The Costa Rican Center for Human Rights Studies, Training, and Analysis; the Western Hemisphere Institute for Security Cooperation; the International Committee of the Red Cross, with its regional delegation based in Mexico; and national and international subject matter experts from the United States, Colombia, and Ecuador also took part in the event.
The agenda
The role of the armed forces in handling human rights issues, updates on human rights policy for the armed forces, the importance of operational legal advisers, rules for the use of force, the importance of effective strategies for sharing information with the public, and transparency and cooperation with civil society were among the topics discussed.
“As the armed forces, we are involved in various missions that the executive branch assigns to us, where soldiers are in direct contact with society,” Colonel Héctor Alfredo Alemán Medina, head of the Honduran Armed Forces’ Humanitarian Law Division, said. “We permanently have, under FUSINA [National Inter-Institutional Security Force], soldiers working in support of the National Police in the field of citizen security, and there they face situations where soldiers need to have the knowledge to, at any given moment, they need to know how they are going to act with strict respect for human rights.”
We permanently have, under FUSINA [National Inter-Institutional Security Force], soldiers working in support of the National Police in the field of citizen security, and there they face situations where soldiers need to have the knowledge to, at any given moment, they need to know how they are going to act with strict respect for human rights,” Colonel Héctor Alfredo Alemán Medina, head of the Honduran Armed Forces’ Humanitarian Law Division.
For his part, Military Justice Colonel Santos Marcos Nolasco Guifarro, a military legal auditor for the Army, pointed out that training allows them “to be a multiplier entity down to our troops’ lowest echelon, so that when performing operations in which we have to be involved with the population, we can act correctly, in accordance with the law.”

For Lieutenant Junior Grade Yillian Meza Matamoros, military justice assistant in charge of human rights training for members of the Honduran Navy, the workshop is important because “we have the need to strengthen ourselves in achieving missions in the operational field,” she said. “We need for commanders to have their legal advisers during missions to advise on the field of international law and to ensure compliance with international standards for human rights, both internally and externally.”
One of the most important issues was respect for human rights and international standards, concerning the use of force in operations to support the national police in missions to maintain public order.

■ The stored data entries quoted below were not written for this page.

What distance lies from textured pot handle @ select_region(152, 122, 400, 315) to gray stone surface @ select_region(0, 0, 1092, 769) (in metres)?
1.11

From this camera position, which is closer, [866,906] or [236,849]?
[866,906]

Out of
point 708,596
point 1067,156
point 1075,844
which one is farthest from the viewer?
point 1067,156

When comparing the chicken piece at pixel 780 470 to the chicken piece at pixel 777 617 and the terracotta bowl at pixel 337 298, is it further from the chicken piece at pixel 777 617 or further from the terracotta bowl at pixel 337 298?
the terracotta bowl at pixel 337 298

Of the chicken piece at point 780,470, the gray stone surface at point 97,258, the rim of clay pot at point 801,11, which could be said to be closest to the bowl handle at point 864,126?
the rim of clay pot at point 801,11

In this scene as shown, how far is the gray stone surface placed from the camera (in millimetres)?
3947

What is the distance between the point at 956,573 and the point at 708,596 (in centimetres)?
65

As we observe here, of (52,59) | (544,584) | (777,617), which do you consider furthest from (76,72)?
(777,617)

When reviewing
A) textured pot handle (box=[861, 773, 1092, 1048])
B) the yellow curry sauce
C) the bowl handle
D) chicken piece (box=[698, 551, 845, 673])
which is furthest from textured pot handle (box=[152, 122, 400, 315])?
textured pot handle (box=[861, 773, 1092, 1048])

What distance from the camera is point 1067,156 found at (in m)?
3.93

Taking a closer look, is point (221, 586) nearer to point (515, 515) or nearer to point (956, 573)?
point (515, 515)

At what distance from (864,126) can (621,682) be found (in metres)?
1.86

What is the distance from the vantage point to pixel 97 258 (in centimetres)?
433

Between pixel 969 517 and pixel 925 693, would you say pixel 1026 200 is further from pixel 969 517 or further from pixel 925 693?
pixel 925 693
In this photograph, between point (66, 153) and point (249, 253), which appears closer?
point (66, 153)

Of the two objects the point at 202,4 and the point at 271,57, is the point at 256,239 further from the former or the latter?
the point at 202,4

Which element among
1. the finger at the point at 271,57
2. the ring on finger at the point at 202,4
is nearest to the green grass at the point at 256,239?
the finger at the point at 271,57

Honduran Special Forces Major Santos Yovany Torres Galeos gave the presentation and addressed the need for the military and police to increase their awareness of human rights and their unrestricted protection, to create institutional ethics, and the proper use of force. “We have made quantum leaps in our country since SOUTHCOM, around 1998, began its interaction with [us] about ways to generate ethical conduct in the institutions, in adherence to human rights.”

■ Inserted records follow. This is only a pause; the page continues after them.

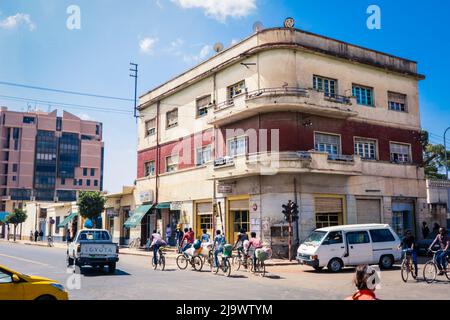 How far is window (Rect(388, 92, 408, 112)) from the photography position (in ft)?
92.2

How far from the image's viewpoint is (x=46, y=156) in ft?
319

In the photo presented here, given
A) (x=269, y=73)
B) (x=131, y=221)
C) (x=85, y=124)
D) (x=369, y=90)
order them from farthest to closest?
(x=85, y=124) → (x=131, y=221) → (x=369, y=90) → (x=269, y=73)

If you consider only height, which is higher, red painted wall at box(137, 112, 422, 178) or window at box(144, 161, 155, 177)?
red painted wall at box(137, 112, 422, 178)

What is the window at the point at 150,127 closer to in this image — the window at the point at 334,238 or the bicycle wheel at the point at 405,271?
the window at the point at 334,238


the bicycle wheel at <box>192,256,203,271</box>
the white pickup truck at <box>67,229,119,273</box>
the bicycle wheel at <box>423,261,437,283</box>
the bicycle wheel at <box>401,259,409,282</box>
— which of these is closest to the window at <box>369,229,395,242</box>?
the bicycle wheel at <box>401,259,409,282</box>

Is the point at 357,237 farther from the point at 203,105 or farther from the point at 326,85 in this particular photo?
the point at 203,105

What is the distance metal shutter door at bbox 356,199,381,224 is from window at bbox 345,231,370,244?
7320 millimetres

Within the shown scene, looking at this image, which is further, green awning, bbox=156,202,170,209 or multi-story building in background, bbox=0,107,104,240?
multi-story building in background, bbox=0,107,104,240

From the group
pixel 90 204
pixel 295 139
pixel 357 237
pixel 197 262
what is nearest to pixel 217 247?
pixel 197 262

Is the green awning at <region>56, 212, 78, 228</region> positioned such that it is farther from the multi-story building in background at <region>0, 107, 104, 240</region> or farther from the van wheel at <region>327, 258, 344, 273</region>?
the multi-story building in background at <region>0, 107, 104, 240</region>

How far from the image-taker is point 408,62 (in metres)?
29.2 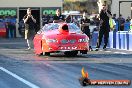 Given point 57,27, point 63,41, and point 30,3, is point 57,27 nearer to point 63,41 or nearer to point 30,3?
point 63,41

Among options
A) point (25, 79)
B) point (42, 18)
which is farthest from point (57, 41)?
point (42, 18)

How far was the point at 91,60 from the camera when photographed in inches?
699

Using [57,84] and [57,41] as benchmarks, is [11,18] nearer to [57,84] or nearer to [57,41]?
[57,41]

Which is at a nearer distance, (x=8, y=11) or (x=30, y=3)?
(x=8, y=11)

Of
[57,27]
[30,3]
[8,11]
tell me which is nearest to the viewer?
[57,27]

The Committee for the Defense of Human Rights in Honduras (CODEH, in Spanish) also took part in the workshop. “To speak of human rights in the armed forces is to speak of differential changes; changes that, in one way or another, have to do with the behavior, discipline, and commitment of our armed forces toward our citizens,” Hugo Maldonado, president of CODEH, said. “Knowing about human rights is a fundamental axis as an armed institution; for us, as a human rights organization, it is essential to strengthen those ties that relate to the armed forces’ institutional framework and reach all the sectors that are part of this great work team, because to us it seems crucial for the benefit of the country.”
At the end of the workshop, SEDENA pledged to continue working to consolidate human rights policy, training the military on the subject with advice from civil society, and establishing stronger relationships with the media, human rights organizations, and the judicial sector.